# Is there a polynomial time approximation scheme for the feedback arc set problem for the class of tournaments?

A tournament is an orientation of a complete graph. A feedback arc set is a set of arcs in a digraph whose removal leave the digraph acyclic. The feedback arc set problem consists in finding a feedback arc set of minimum size. A polynomial time approximation scheme is an algorithm which takes an instance of an optimization problem and a parameter $\epsilon > 0$ and, in polynomial time, produces a solution that is within a factor $1+\epsilon$ of being optimal.

The feedback arc set problem has been proved NP-hard. See [ACM, A, CTY, C]. It was shown in [RS] that the feedback arc set problem is fixed parameter tractable for tournaments.

Bibliography

*[AA] N. Ailon, N. Alon, link, Inform. and Comput. 205 (8) (2007) 1117–1129.

[ACM] N. Alion, M. Charikar, A. Newman, Aggregating inconsistent information: Ranking and clustering, in: Proceedings of the 37th Symposium on the Theory of Computing, STOC, ACM Press, 2005, pp. 684–693.

[A] N. Alon, Ranking tournaments, SIAM J. Discrete Math. 20 (2006) 137–142.

[CTY] P. Charbit, P. Thomassé, A. Yeo, The minimum Feedback arc set problem is NP-hard for tournaments, Combin. Probab. Comput. 16 (1) (2007) 1–4.

[C] V. Conitzer, Computing Slater rankings using similarities among candidates, in: Proceedings, The Twenty-First National Conference on Artificial Intelligence and the Eighteenth Innovative Applications of Artificial Intelligence Conference, July 16–20, AAAI Press, Boston, Massachusetts, USA, 2006.

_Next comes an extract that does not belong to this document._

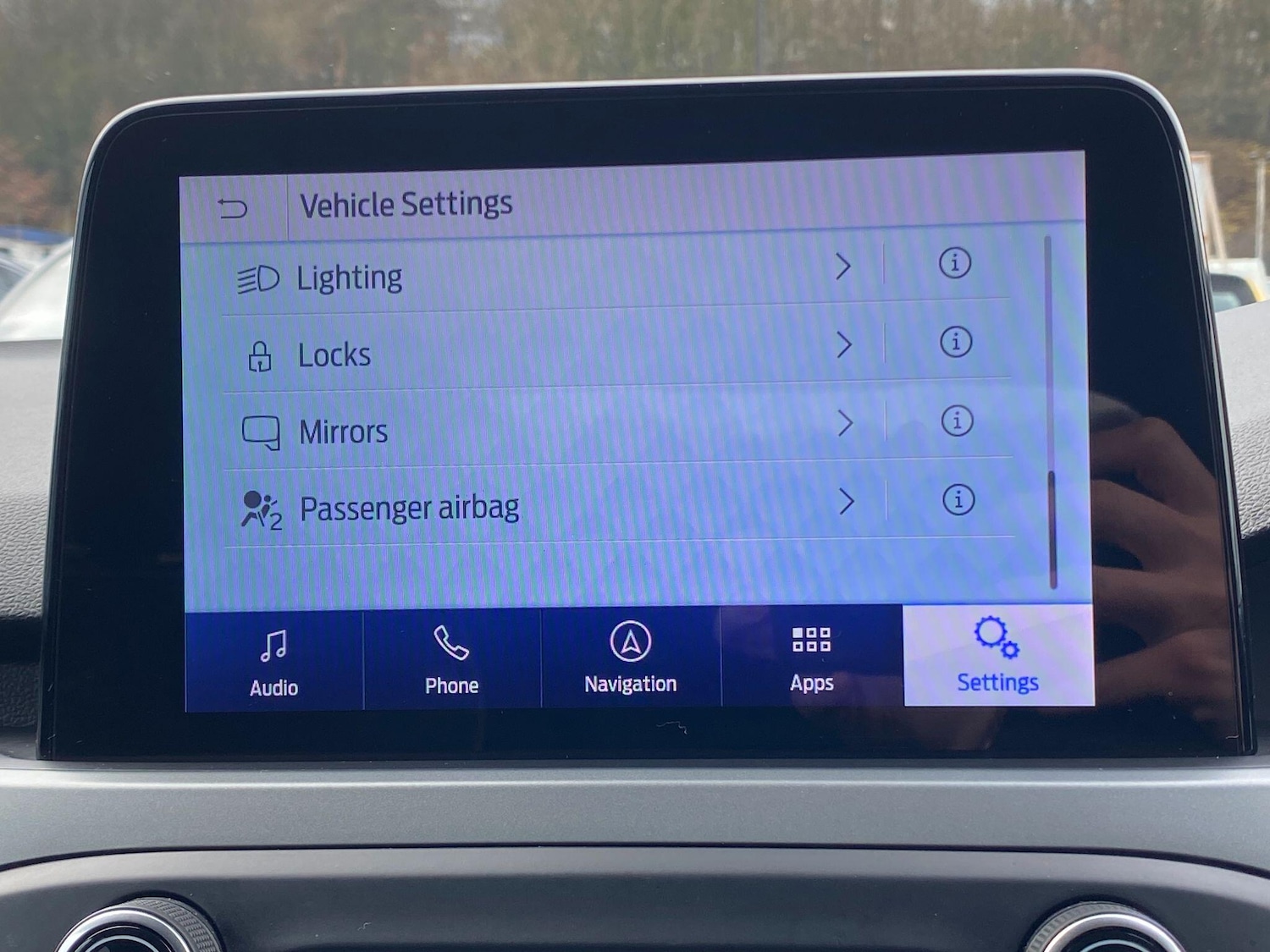 Used Ford Focus for sale - 77537693: Photo 41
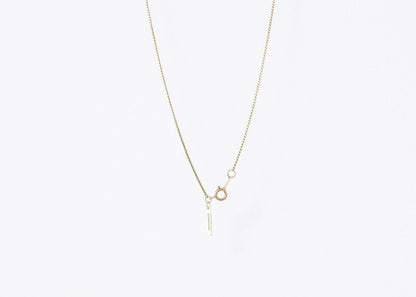 Miya Necklace.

[RS] V. Raman, S. Saurabh, Parameterized complexity of directed feedback arc set problems in tournaments, in: Algorithms and Data Structures, in: Lecture Notes in Computer Science, vol. 2748, Springer, Berlin, 2003, pp. 484–492.

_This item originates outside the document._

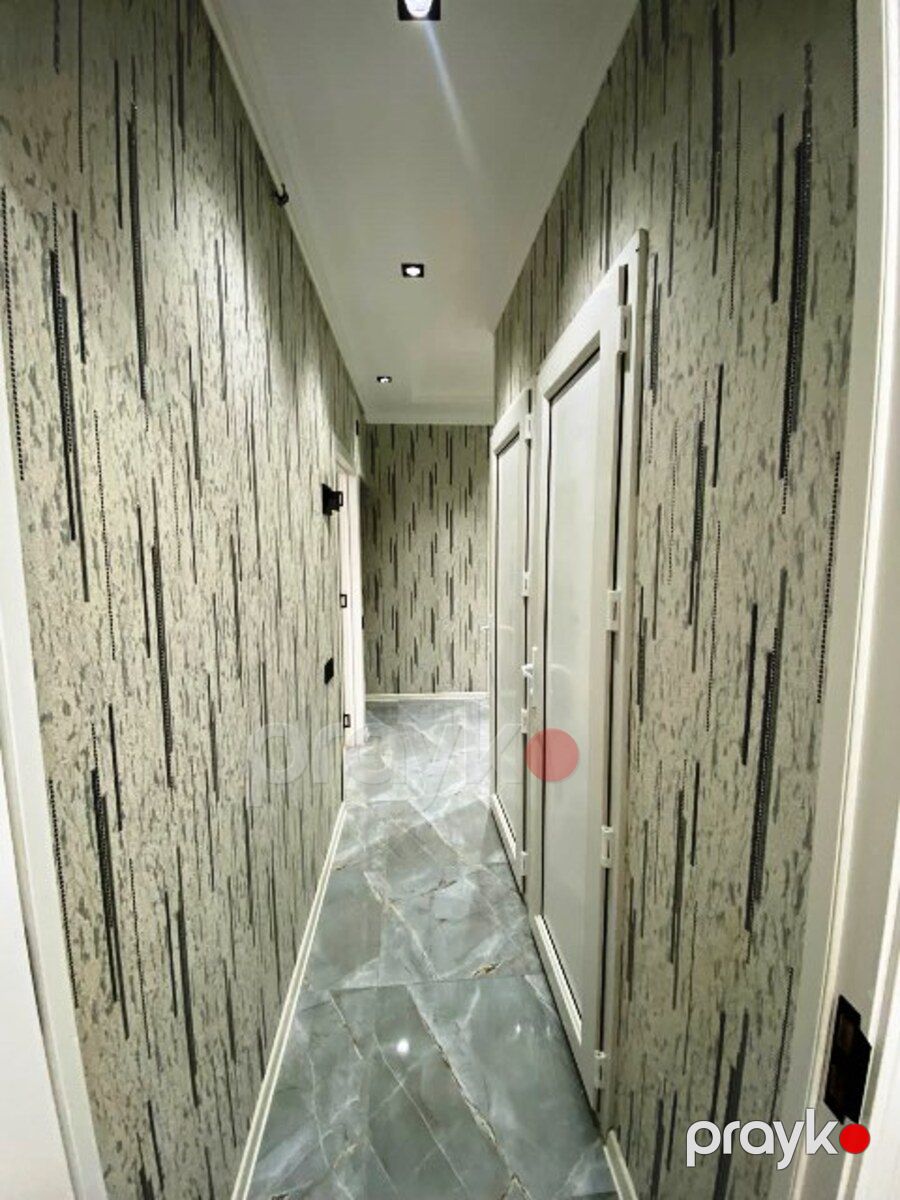 Satılır 2 otaqlı köhnə tikili 65 m² — Mənzil, Bakı (12)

In 2011, Ailon has showed that by a smart choice of queries you can compute a $(1+\epsilon)$-approximation while reading only $O(\epsilon^{-6}\cdot n\cdot log^5n)$ entries (while having the entire matrix means making $O(n^2)$ queries) of the weight matrix $W$ (which becomes the adjacency matrix for unweighted instances),.